John Lo Schiavo S.J. (February 25, 1925 – May 15, 2015) was an American Jesuit and academic who was the 25th president of the University of San Francisco from 1977 until 1991 and later a USF chancellor.

==Biography==
A lifelong resident of San Francisco, Lo Schiavo earned bachelor's and master's degrees in philosophy from Gonzaga University, and a licentiate in sacred theology from Alma College. He came to USF in 1950 as a philosophy instructor. In 1958, he became vice principal of Brophy College Preparatory in Phoenix. He returned to USF in 1962 as dean of students, becoming vice president of student affairs in 1966.

In 1968, he became president of Bellarmine College Preparatory in San Jose, at the same time becoming a member of USF's board of trustees. He became USF board chairman from 1970 to 1973, and rector of the USF Jesuit community in 1975. In 1977 he was elected to the first of his three five-year terms as president.

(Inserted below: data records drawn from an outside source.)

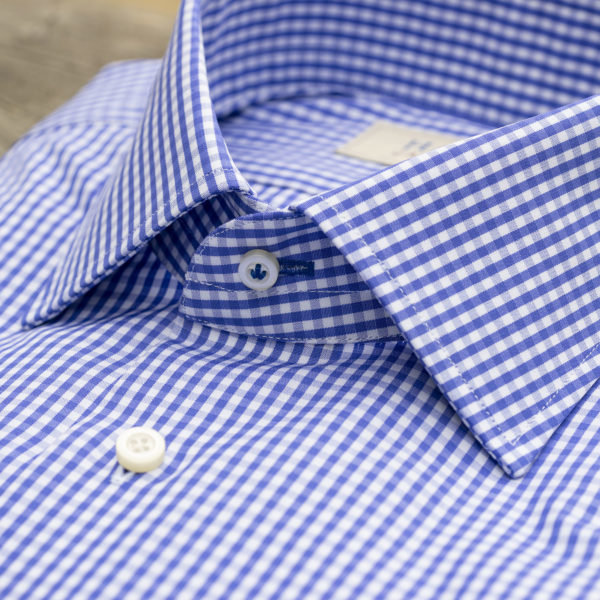 Hagen Clothing Dress Shirt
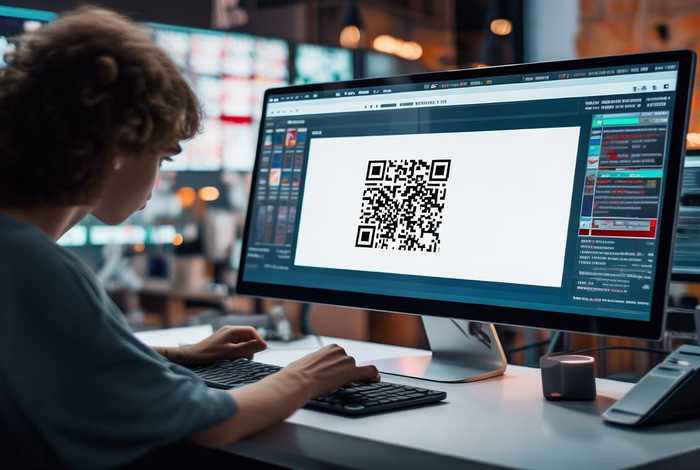 怎么制作二维码 - 怎么制作二维码并自己编辑内容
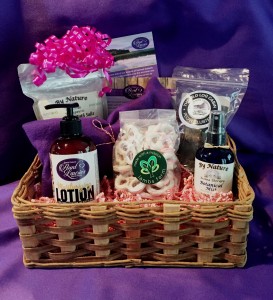 Sweets and Spa Gift Basket in Bluffton, SC | BERKELEY FLOWERS & GIFTS Sweets and Spa Gift Basket in Bluffton, SC | BERKELEY FLOWERS & GIFTS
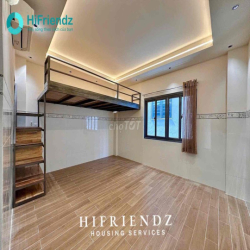 khai Trương căn Hộ gác cửa sổ mới xây siêu đẹp kenggg , Phạm Thế hiển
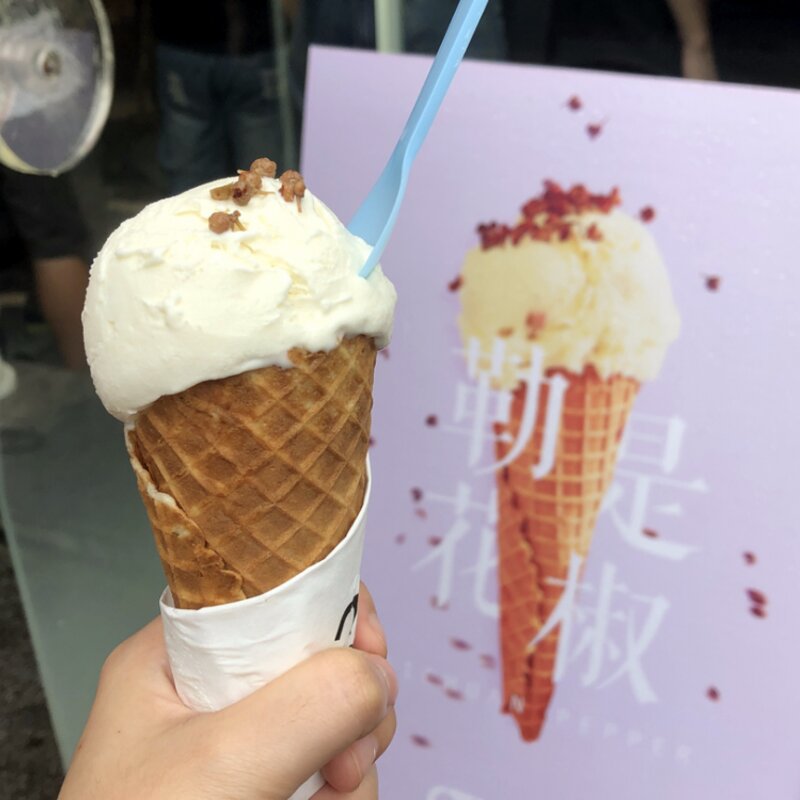 一支雪糕66元！在深圳，你敢“雪糕自由”吗？(4)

During his tenure, he oversaw several major capital campaigns, including expansions to the law school and the building of a new campus recreation center. He was named chancellor in 1991, a post he held until his death in May 2015.

Lo Schiavo is most known for having made the decision to shut down the school's powerful men's basketball program in 1982. The program had two NCAA titles and three Final Fours to its credit, but for the second half of the 1970s had been under nearly constant NCAA scrutiny for cheating by making secret payments to attract some of the best players. In 1980, Lo Schiavo gave new coach Pete Barry an ultimatum—unless he ran a clean program, it would be shut down. In 1982, All-American Quintin Dailey was arrested for sexually assaulting a female resident assistant. During the investigation, Dailey admitted taking a no-show job from a USF donor. Lo Schiavo had seen enough, and on July 29 announced that the men's basketball program would be shut down. In his view, this step was necessary to repair the damage to USF's reputation. The team did not play again until 1985.

Lo Schiavo, or "Father Lo", as he is popularly known, was a much-beloved figure at USF. In 2010, USF broke ground on a new science building and named it the John Lo Schiavo Center for Science and innovation in his honor.